# INFORMATION PROVIDED:
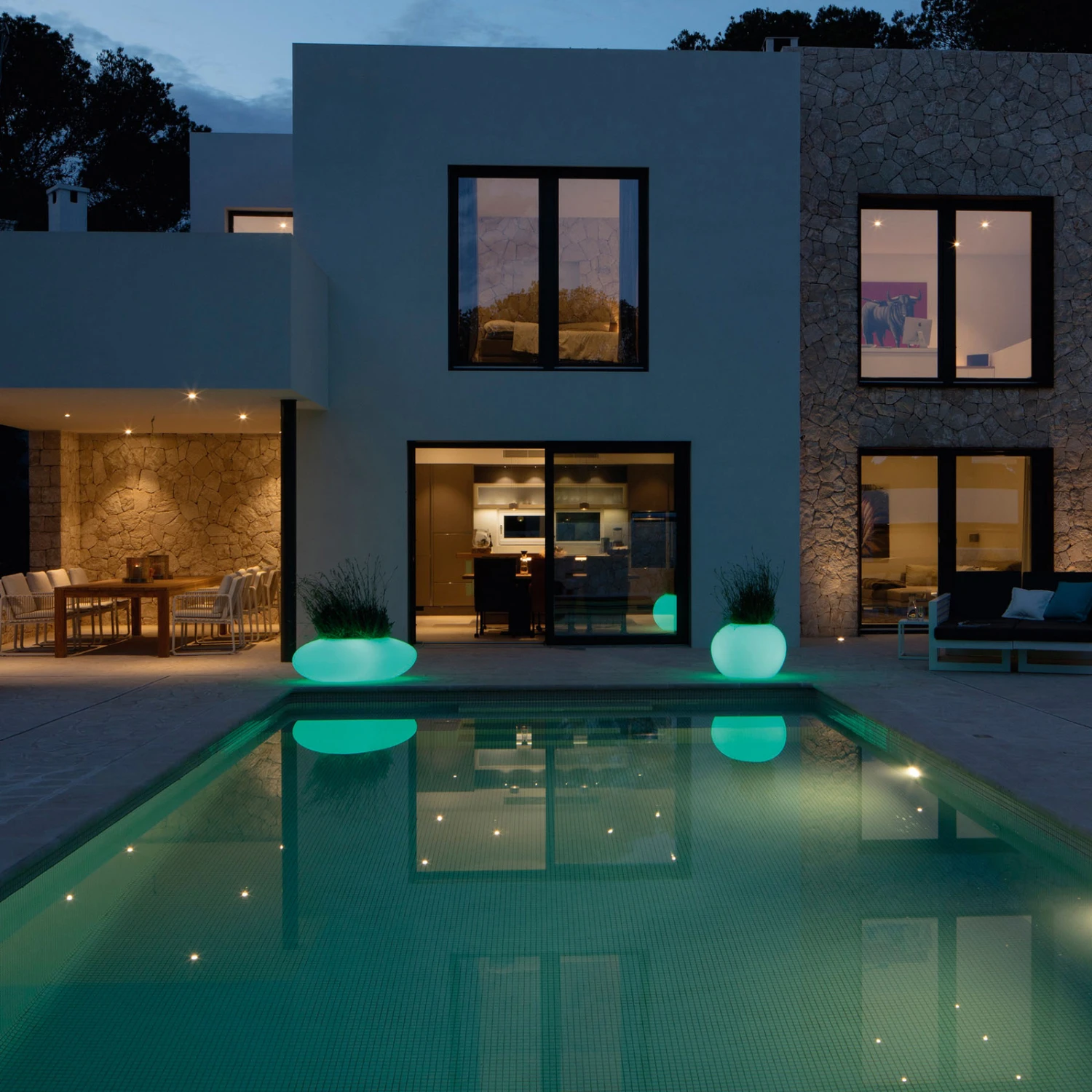 Dekolampe Storus III LED RGB+CCT Bepflanzbar Weiß 5 Dekolampe Storus III LED RGB+CCT Bepflanzbar Weiß – Bild 5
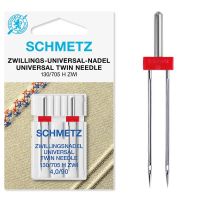 Set combinat 2 ace duble Schmetz, finete 90, cu distanta 4 mm intre ace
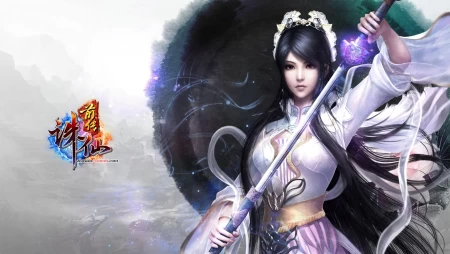 完美游戏《诛仙2》唯美电脑桌面壁纸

# WHAT THE TASK REQUIRES:
Nothing but the lines from the line with "Set combinat 2" through the last line of the listing should be copied, exactly and with both ends kept. Leave pictures out.

# RESULT OF THIS EXERCISE:
 Set combinat 2 ace duble Schmetz, finete 90, cu distanta 4 mm intre ace
 完美游戏《诛仙2》唯美电脑桌面壁纸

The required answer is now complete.